ルークの全身を拭き荒ぶ。そして、剣を構え————


「刃風!斬烈波!」


地面に弧を描きながら深緑の刃を衝撃波と共に発射する。それはそれぞれの方向に直進し赤い怪物に急速接近する。

が————


「ケケケ」


怪物はその攻撃を、胴体を切り離すことで

躱した。


「ヤツヲ呼バヌナラ、オ前、死」


親指を突き立てくっ、と下に向ける動作をするとソレは凄まじい殺意をルークに向けていく。感情が可視化出来るほどの膨大な量が歪な幽霊のような形となって顕現する。


「ぐ……っ」


幽霊のようなそれは、両腕を引き伸ばして波動のようなものを放出した。無論、両断しようと剣を振るうが、それは虚空を斬るだけだった。


「な、に──!?」


突如ルークに襲いかかる強烈な疲労感、吐き気、嫌悪感。その他数多の負の感情が防ぎようのない猛威となってルークの精神をじわりじわりと追い詰めていく。
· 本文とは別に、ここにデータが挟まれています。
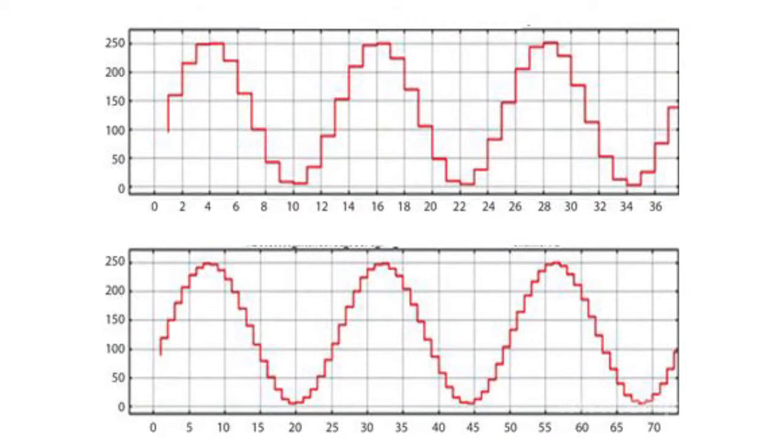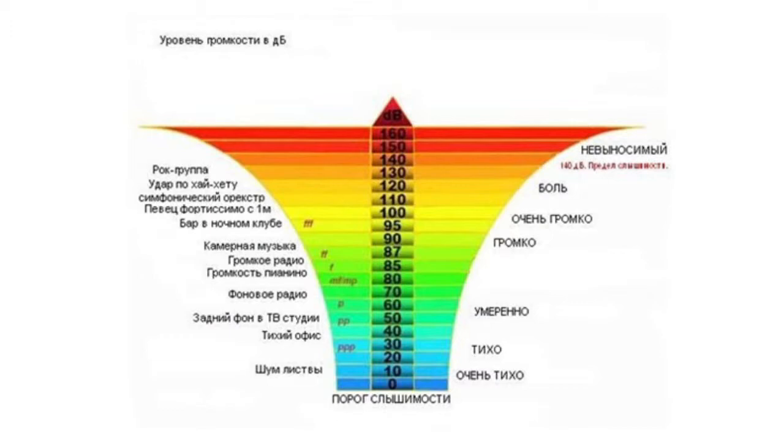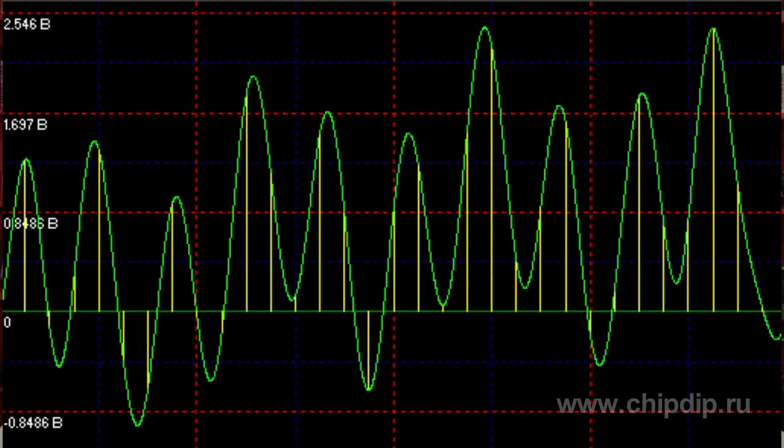The sampling frequency accounts for the frequency band of produced digital sound and the maximum frequency of an analog signal correctly represented in digital form. A human ear is capable of perceiving frequencies ranging from 20 to 20,000 Hz. According to the well-known Nyquist theorem, the sampling frequency should be at least twice as high as the maximum audio frequency to reproduce an analog continuous-time signal by its samples. The audio frequency equal to half of the sampling frequency is called the Nyquist frequency — this is the maximum frequency to be correctly stored and reproduced by a given digital system.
たまらずに膝を下ろして剣を地面に突き刺すルーク。その表情は苦悶に満ちている。


「ハァ……ハァ……!……これ……は」


赤い怪物はケケケと嗤いながら


「精神ヲ蝕ンダ、オ前、イズレ死ヌ」


「馬鹿なこと言うな……!綺麗な嫁さん娶るまで死ねるかっての、このブス!!」


精一杯の気力を保ちながらの渾身の力で剣を振るう。それが偶然、能面に直撃したのか赤い怪物はこれまでにないような凄まじい咆哮にも似た叫び声を上げて姿を消した。そして、降っていた雨も止んで、雲は胡散するように消えていった。


「へっ……相討ちだ、能面野郎」


衰弱しきったルークはその場に前のめりに倒れ込む。勝利した彼を優しく包むように、晴天の元、光のカーテンが降り注ぎ始めた。


「おい、おいルーク!しっかりしろ!何があった!」


「剣士様!」


(ふたりの声が聞こえる……なのに、とても遠くから叫んでいるように聞こえるのは、さっき受けた波動のせいなのか……

くそ、今の化け物の事を、どうにかして、伝えなけれ、ば……)


だが既にルークには言葉を発する力すら残っていない。イングラムに僅かに手を伸ばしながら、引きずり込まれるように意識を失った。


「騎士様!」


リルルが叫ぶが、それはルークには届かなかった。


「騎士様、剣士様はどうなっちゃうの?

死んじゃうの?」


「……絶対に死なせるものか、必ず助け出してみせる」


イングラムはルークを背負いながら前へ前へと進んでいく。リルルもその気に押されたのか、黙って後をついていく。


友を死なせるわけにはいかない。

強い意志を抱いて、ふたりはコンラへと進んでいくのだった。